Journal Logo

Intramedullary Insertion of the Patellar Tendon, a Rare Anatomical Variant, Its Sequelae, and Surgical Management

A Case Report

Collett, David J. BSc(Med), MBBS(Hons), MS1; Sharma, Rahul MBBS, DNB(Orth)2; Goyal, Prateek MBBS, Dip(Orth), DNB(Orth)3

doi: 10.2106/JBJS.CC.18.00397
Case Reports
Free
Disclosures

Case: We report a rare cause of patella baja in a 25-year-old man presenting with right knee pain. He was found to have patella baja and a genu recurvatum deformity. Imaging revealed an extremely unusual variant of the patellar tendon—identified to have an intramedullary tibial insertion. A patellar tendon reconstructive procedure was performed.

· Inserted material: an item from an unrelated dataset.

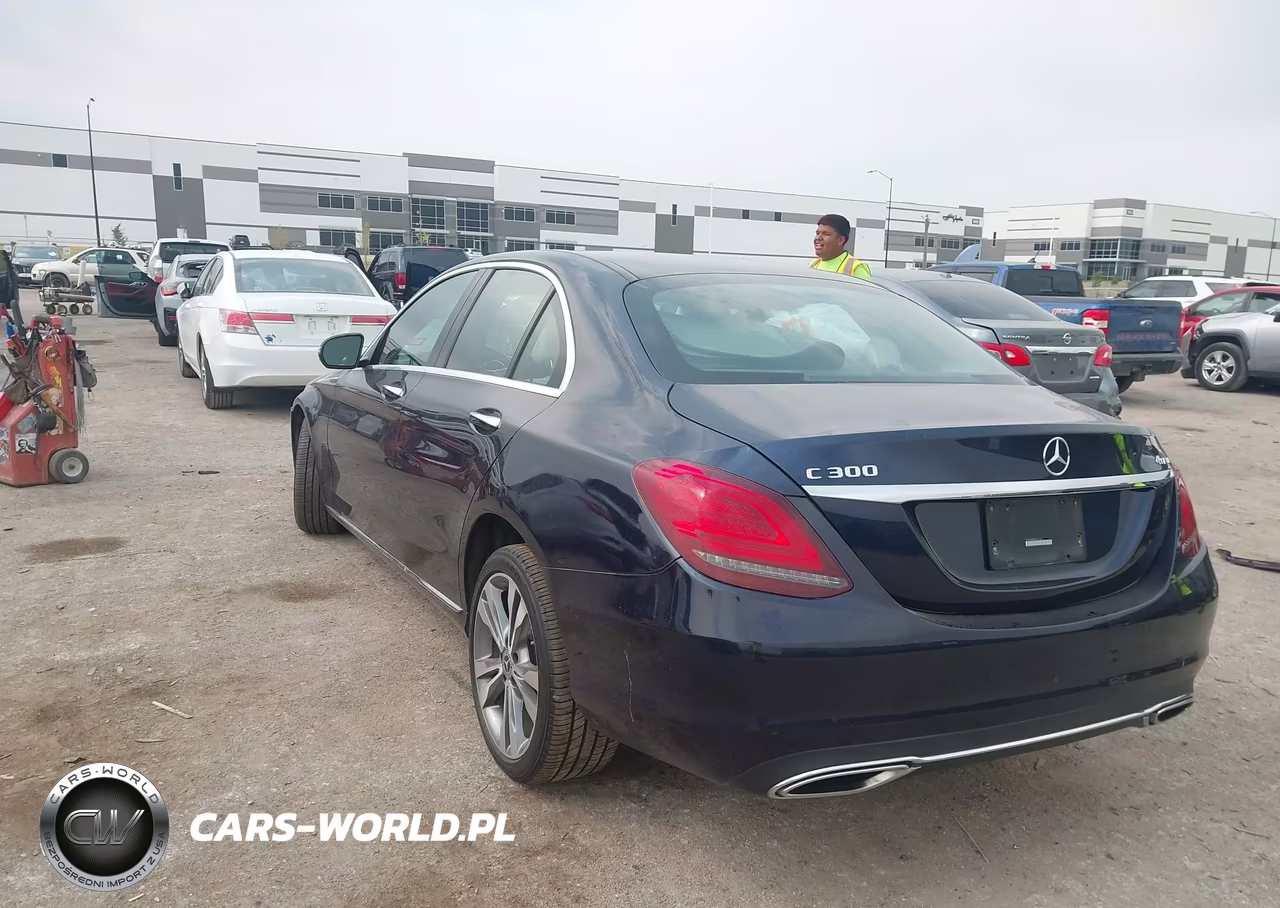 2019 Mercedes-Benz C 300 4Matic VIN:55SWF8EB3KU311362 - 3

Conclusions: An intramedullary insertion of the patellar tendon is a fascinating and rare cause of patella baja with subsequent altered biomechanics of the extensor mechanism. We believe this is the first case report to describe its surgical presentation and an operative approach to its management.

1Department of Orthopaedic Surgery and Musculoskeletal Medicine, Macquarie University Hospital, NSW, Australia

2Department of Orthopaedic Surgery, Nepean Hospital, NSW, Australia

3Department of Orthopaedic Surgery, S.D.M.H Hospital, Jaipur, Rajasthan

E-mail address for D.J. Collett: davec1324@gmail.com

Investigation performed at Macquarie University Hospital, NSW, Australia and S.D.M.H Hospital, Jaipur, Rajasthan

Disclosure: The Disclosure of Potential Conflicts of Interest forms are provided with the online version of the article (http://links.lww.com/JBJSCC/A849).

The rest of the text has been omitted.